I decided to post this answer here because a while back, this came up as the top result in Google and its suggestions helped me. So I decided to share my experience too.
Having spent countless hours trying to get the best stereo calibration on a Kinect, I shared my tips and findings in a blog post here.
Although it is geared towards stereo calibration and more specifically Kinect, I believe the tips will help anyone who is trying to calibrate a camera.
Also, in case I should die someday or forget to renew my hosting, here is a modified quote from the post:
- Make sure you have the largest possible calibration pattern. Follow what I said above. Get a nice pattern professionally printed.
Make sure each square is at least 8cm x 8cm. Also, make sure one side
of the calibration pattern has an odd number of squares and the other
side has an even number of squares (e.g 9×6 or 7×8). It’s important
for detecting the pose of the target correctly. Also, some toolboxes
will not be able to detect the pattern in this requirement is not met.

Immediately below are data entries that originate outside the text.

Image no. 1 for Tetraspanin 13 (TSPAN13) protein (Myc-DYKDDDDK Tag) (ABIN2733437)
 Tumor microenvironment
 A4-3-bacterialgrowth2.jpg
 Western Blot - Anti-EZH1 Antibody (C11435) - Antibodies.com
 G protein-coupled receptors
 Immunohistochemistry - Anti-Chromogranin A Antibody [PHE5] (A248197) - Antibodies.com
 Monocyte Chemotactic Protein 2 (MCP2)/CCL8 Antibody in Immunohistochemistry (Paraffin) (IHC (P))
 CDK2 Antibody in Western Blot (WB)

As mentioned before, the patterns I used which are suitable for
printing on large sheets are uploaded here (for 9cm squares) and here
(for 10cm squares).
- Make sure your printed pattern has enough white border around it, otherwise it may not be easily detected by most toolboxes.
- Make sure the Kinect does not move. I used a mount to mount my Kinect to a tripod.
- Try to get as many images of the calibration target as you can. My best calibration was obtained using 300 images, at distances as low as
0.5 meter to as far as 10 meters from the camera. Make sure you rotate the pattern around X, Y and Z axes. Also try to “tile” the view with
images taken at the same distance: i.e take one image, move the target
to the next tile in the field of view, take another one and repeat
until you’ve “tiled” all of the current field of view. The goal is to
cover the entire field of view at each distance as much as possible.
- Use MATLAB’s stereo calibration app if possible. It allows you to get rid of the outliers after each calibration phase.
It's almost 3 years after all this. A couple of years of industry experience has taught me something new: if your task heavily relies on the correctness of camera calibration, consider building a quick UI that allows you to manually fine-tune extrinsic/intrinsics and see immediate visual results. This way, you can focus on other parts of your system while not having to think about how bad camera calibration is affecting you. Once everything is ready, you can decide on the best method to calibrate your cameras with.